Joan Brailsford – Country – Literature
Runes and Thor
The history of Norwegian literature starts with the pagan Eddaic and skaldic verse of the 9th and 10th centuries. Most poets were attached to the courts of kings and the subject matter of these extended poems was sometimes mythical or described the deeds of their patrons. Poetry played an important role in the social and religious world of the Vikings. One early poem is about a shield, and in which the god Odin appears, as does the hammer swinging Thor, who goes to war with a sea-snake. In pagan times the runic alphabet was the only one used in Norway. The preserved inscriptions from that time are mostly short memorial dedications or magical formulas. The arrival of Christianity around the year 1000 brought Norway into contact with European medieval learning which merged with native oral tradition and Icelandic influence, to give an active period of literature production, and the move away from runic script. The symbol of Thor’s hammer persists today in romantic views of Norse mythology.

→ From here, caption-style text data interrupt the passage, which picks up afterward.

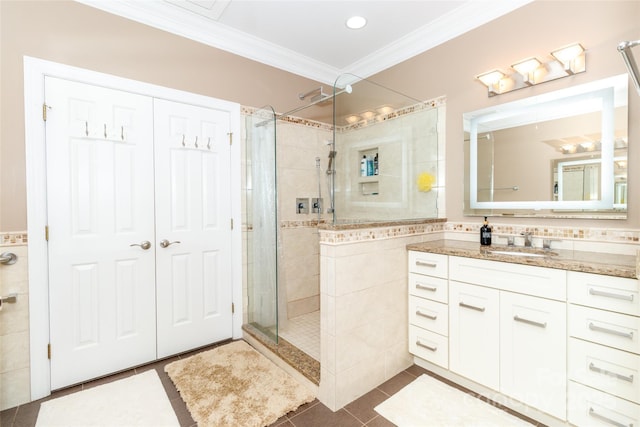 full bath with tile walls, vanity, tile patterned floors, crown molding, and a shower stall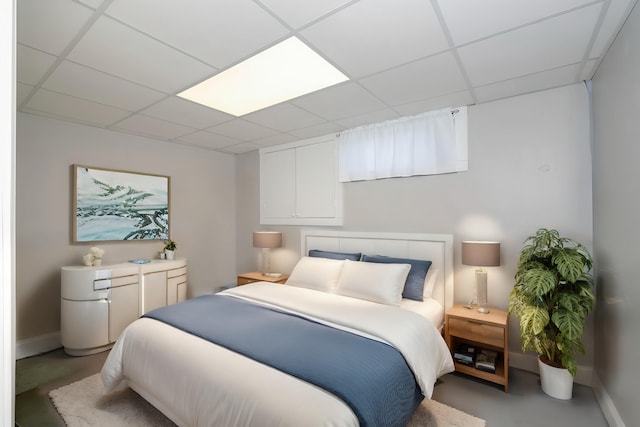 bedroom with a paneled ceiling and concrete floors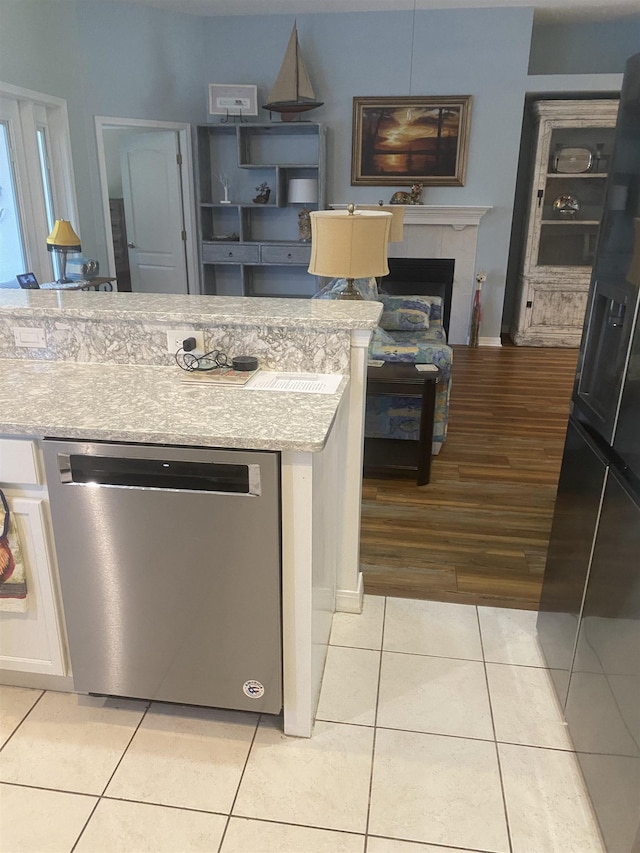 kitchen featuring dishwasher, light tile patterned floors, and a fireplace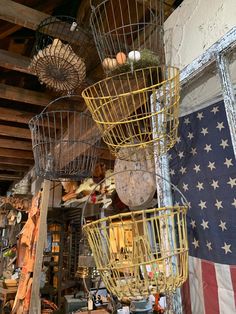 several bird cages hanging from the ceiling in a room with an american flag on the wall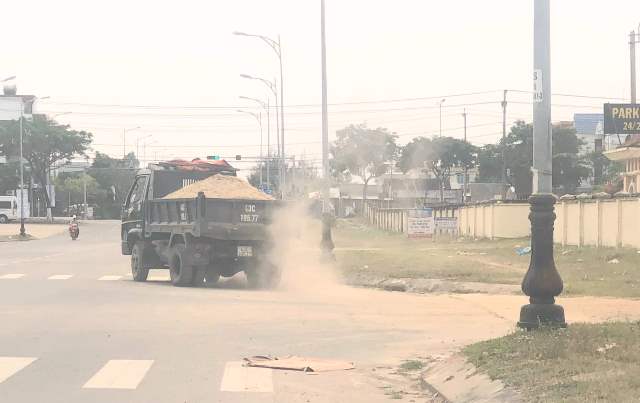 Xe chở c&aacute;t ra khỏi b&atilde;i kh&ocirc;ng che phủ bạt ngang nhi&ecirc;n chạy tr&ecirc;n đường, k&eacute;o theo bụi bặm m&ugrave; trời.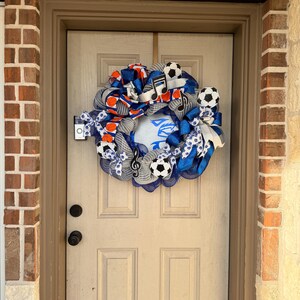 May include: A decorative wreath with a soccer theme, featuring soccer balls, musical notes, and blue and orange ribbons. The wreath is hanging on a beige door, with a brick and stone exterior.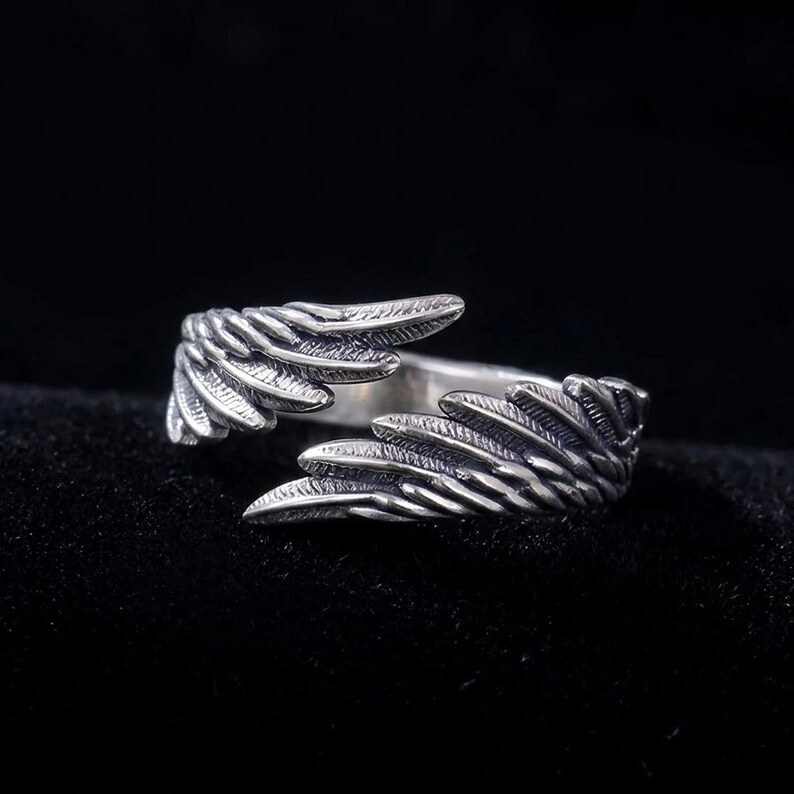 Op de afbeelding: Een zilverkleurige ring met een vleugelontwerp. De ring heeft twee gedetailleerde vleugels die zich om de vinger wikkelen. De vleugels hebben getextureerde veerd details, waardoor een realistische uitstraling ontstaat. De ring staat tegen een donkere achtergrond.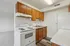 Cozy kitchen with wooden cabinets, electric stove, and white countertops.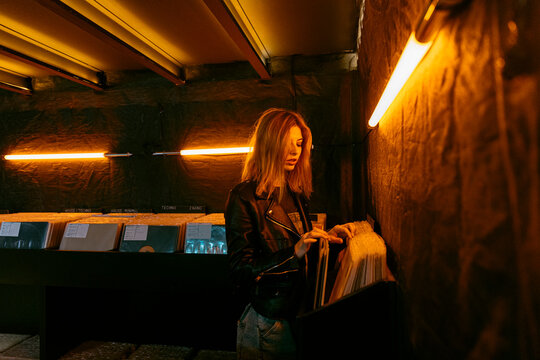 Woman choosing vinyl record in dark store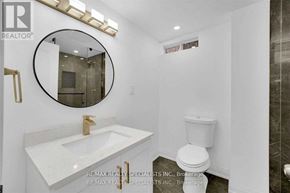 Mississauga (Lisgar) apartment for rent - A white bathroom with a round mirror and a toilet.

I chose to depict the ancient Norwegian literature rather than more contemporary works (which I find rather dark and hard reading!). I wanted to show the old runic writing and how it was later replaced by the latin script we know, so I hand-stitched rows of runic letters and used machine-quilting to divide the lines. I made silk-paper and printed it with ‘writing’ then overlaid this onto the backgroundto depict old worn book pages which followed on from the runes. I used felt with a hand-stitched design to create Thor’s hammer that I applied to the design. I hope that this represents the way that the old poems were passed down into different incarnations and how the basis of the legend remains throughout.